News Harmon Leon 15:40, Jul 06 2011

How cell phones changed the coverage of the high profile Casey Anthony trial

Simple formula: Casey Anthony is to social media what O.J. Simpson was to cable TV.

The Casey Anthony trial has been compared to the courtroom dramas of O.J. and the Menendez brothers-a full-fledged legal spectacle within a media circus firestorm. The use of smartphones and social media were huge players in adding contemporary fuel to this sensationalist trial; bringing this case to the forefront of national attention and emphasizing how our modern brood devours news stories.

In the age of the Kardashians and Charlie Sheen Twitter rants, journalists and bloggers inside the Casey Anthony murder trial courtroom were allowed to use smartphones, iPads, and other devices to disseminate information in real time. (Old school laptops weren't permitted because the judge wouldn't allow the sound of furiously clicking keyboards.) Even courtroom spectators were able to leak texts and tweets into the social media stratosphere; allowing the country to devour the trial 140 characters at a time.

As the hot reality show ticket of the summer, the Twitterati dubbed such key players in the trial as "Lawyer Gaga," "The Velvet Hammer," and "The Jesus Juror." When the "not guilty" verdict was read, the public had immediate access to posted cell phone photos capturing shocked disbelievers outside the Florida courthouse shouting in unison, "We want justice for Caylee!"

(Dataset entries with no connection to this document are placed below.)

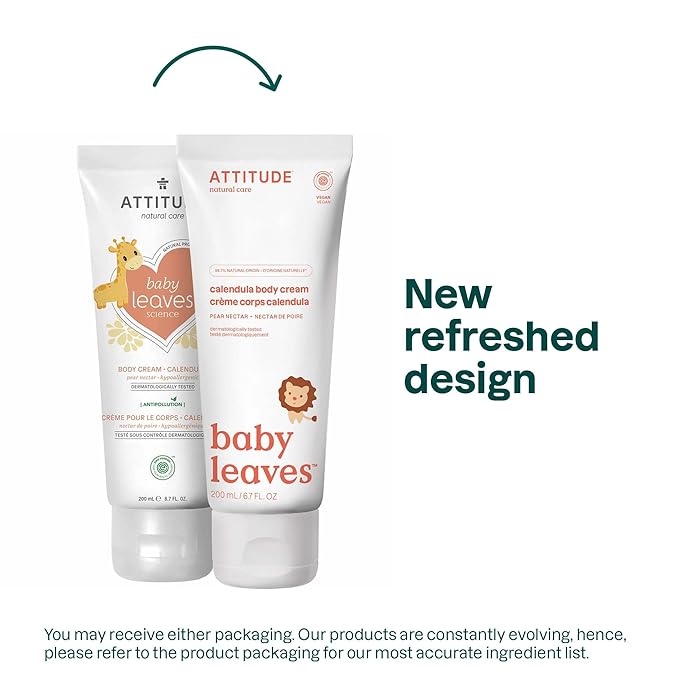 ATTITUDE Baby Body Cream, Ewg Safe Moisturizing Lotion for Sensitive Skin, Moisture & Protect, Pear Nectar, 6.7 Fl Oz (Pack of 2)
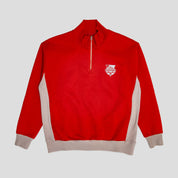 HODDLE "SPURS" QUARTER ZIP PULLOVER RED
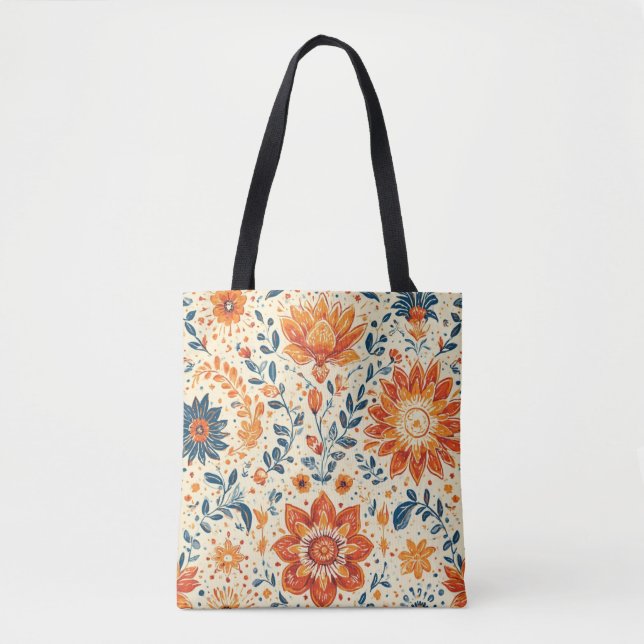 Retro Bloom Burst - Totbeutel (Vorderseite)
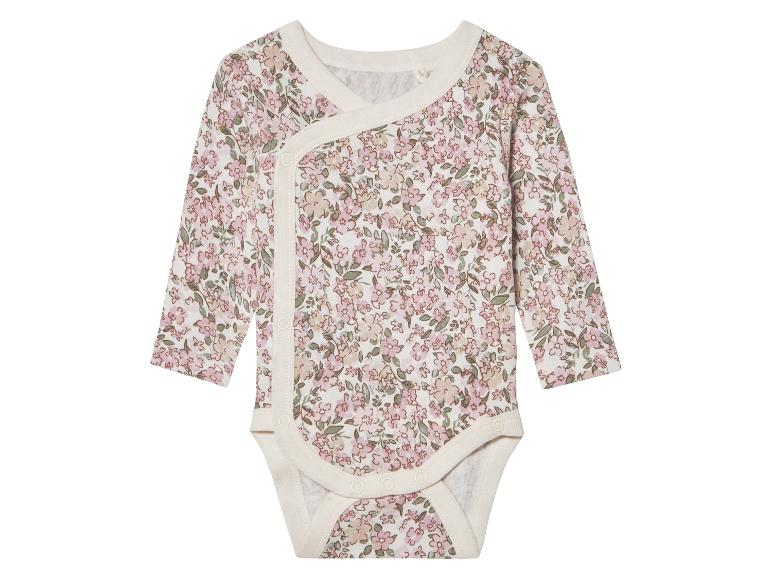 Babybody met wikkel-halslijn en bloemenprint.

Cell phones provide people instant access to social media. The untold number of generated tweets signals a change how the public digests and participates in news stories. Now everyone now has an instant Internet soapbox to express, argue, and form instant opinions. Sam Diaz---a Silicon Valley-based social-media expert and consultant-points out: "In the old days, we used to watch a newscast or read a news story. Now we get things so quickly that we are immediately reacting and feeling passionate."

Another key role cell phones played in the trial: cell phone records helped track Casey Anthony's movements-tracing all the calls and text messages she received and sent. Immediately after her daughter went missing, Anthony's cell phone pinged 20 different cell towers 754 times in the two-week period. Through her cell phone records, detectives were able to determine Anthony's whereabouts at such locales as Fusian nightclub-where she was photographed partying and participating in a "hot body" contest while her daughter was missing. 3 percent of her cell phone pings raised numerous courtroom questions-especially a call made near the Econ Trail where detectives guided volunteers to look for signs of Caylee Anthony's body. The cell phone record testimony was as influential as any key witness.

Social media provided the public the opportunity to keep up with literally every moment of the Casey Anthony murder trial. According to Adweek, at the time of the verdict on Tuesday, there were 325,283 Twitter posts about the Casey Anthony trial. Facebook posts came in at roughly ten per second. In our age of cell phones and social media, the Casey Anthony trial is a mere litmus test of what's to come regarding coverage of our legal system and how the general public consumes information.